Ces problèmes ne sont pas l’apanage des universités canadiennes. En effet, il a fallu attendre 767 ans avant que l’Université d’Oxford confie à une femme, Louise Richardson, le mandat de rectrice en 2016. Si l’Université de Californie à Berkeley, l’Université Cornell, l’Université McGill et la London School of Economics sont également dirigées par des femmes à l’heure actuelle, seulement 20 % des 200 premières universités mondiales ont nommé une rectrice.

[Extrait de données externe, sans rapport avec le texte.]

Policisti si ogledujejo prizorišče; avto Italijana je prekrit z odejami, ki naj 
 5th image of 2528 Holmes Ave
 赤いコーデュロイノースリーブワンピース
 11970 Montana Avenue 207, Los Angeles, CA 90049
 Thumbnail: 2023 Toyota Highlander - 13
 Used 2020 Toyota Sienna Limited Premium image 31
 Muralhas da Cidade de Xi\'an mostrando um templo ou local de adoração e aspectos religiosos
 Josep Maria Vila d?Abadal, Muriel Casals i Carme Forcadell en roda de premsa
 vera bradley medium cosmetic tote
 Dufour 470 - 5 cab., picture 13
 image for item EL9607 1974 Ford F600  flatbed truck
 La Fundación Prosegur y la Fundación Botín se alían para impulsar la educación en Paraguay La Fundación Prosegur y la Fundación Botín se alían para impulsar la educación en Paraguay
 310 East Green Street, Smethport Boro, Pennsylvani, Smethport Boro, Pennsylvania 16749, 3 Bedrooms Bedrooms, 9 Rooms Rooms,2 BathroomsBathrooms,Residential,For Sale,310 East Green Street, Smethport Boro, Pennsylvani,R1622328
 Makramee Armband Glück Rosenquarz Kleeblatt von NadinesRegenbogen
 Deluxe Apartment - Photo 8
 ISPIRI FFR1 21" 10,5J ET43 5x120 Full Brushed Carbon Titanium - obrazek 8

Paru récemment, Nerve relate le parcours professionnel de deux des premières rectrices du Canada, soit Martha Piper et Indira Samarasekera. Dans cet ouvrage, les auteures racontent sans détour leur expérience dans ce rôle – les erreurs, les remises en question, le sexisme et les leçons apprises. Toutes deux ont souligné que, bien qu’elles aient été les premières rectrices dans leurs établissements respectifs – Mme Piper à l’Université de la Colombie-Britannique et Mme Samarasekera à l’Université de l’Alberta – elles ont également été les dernières femmes nommées à ce poste. La nomination d’une rectrice semble séduire les conseils d’administration, mais étonnamment, très peu d’établissements ont tendance à embaucher une deuxième femme à ce poste. Mme Piper y écrit « qu’être la première n’est pas suffisant, que tant que nous n’aurons pas une deuxième, troisième et quatrième dirigeante de suite, nous continuerons à considérer le leadership féminin comme l’exception plutôt que la règle ».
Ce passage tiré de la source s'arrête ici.